Although a lot of people want to paint high school athletic organizations as finger-waving, rule nerds who get their kicks from tossing out the eligibility of teenagers, let's be honest: They're about the only thing that separates the prep level from becoming an open meat market like... well, the NCAA.
But there's actually some pressure afoot looking to undermine the Florida High School Athletic Association.
In response, the association says high school athletics in the state is close to becoming a free agency disaster.
"Although these legislators mean well, unfortunately, this legislation opens the door to nefarious people who might want to circumvent the rules," FHSAA Executive Director Roger Dearing said during a Tuesday conference call.
There are currently two bills working through the Legislature that could cut down the organization's power. Both Senate Bill 1164, sponsored by Republican Kelli Stargel, and House Bill 1279, submitted by GOP Rep. Larry Metz, would defund the FHSAA and take away its regulatory muscle.
The bills offer a hefty lineup of changes: They would clip the association's budget, seriously attenuate the process by which eligibility is tossed out, reshuffle the organization's board so it's made up of political appointees, and -- the most boneheaded idea here -- allow students to transfer schools midway through the year without sacrificing their eligibility.

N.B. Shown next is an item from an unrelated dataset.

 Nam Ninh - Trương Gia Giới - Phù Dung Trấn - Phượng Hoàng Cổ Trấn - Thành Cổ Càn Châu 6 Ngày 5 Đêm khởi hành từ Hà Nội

"The last thing that these kids need is a process that allows open recruiting of high school athletes," chimed in Reidel Anthony, a former Tampa Bay Bucs receiver and the current offensive coordinator at Palm Beach County powerhouse Glades Central High School.
"The idea that a kid can live in one part of town, play football in another part of town, and transfer to another school to play basketball, that isn't what high school sports is all about."
Considering Florida has a pretty significant record of high school sports shenanigans, you've got to wonder where this push is coming from. Dearing told WFSU that a vocal group of parents who were previously caught forging their kids' residency records are in legislators' ears.
Couple that minority outrage with the general red-state distaste for government funding and you just might have the support to pass one of these suckers. The interest groups lining up against the FHSAA paint the group as an overzealous witch-hunt machine sucking off the government gravy train. Expect this head-to-head to stay interesting as the session continues. What's at stake? Basically the sanctity of the last clean (err... or at least semiclean) athletic arena out there.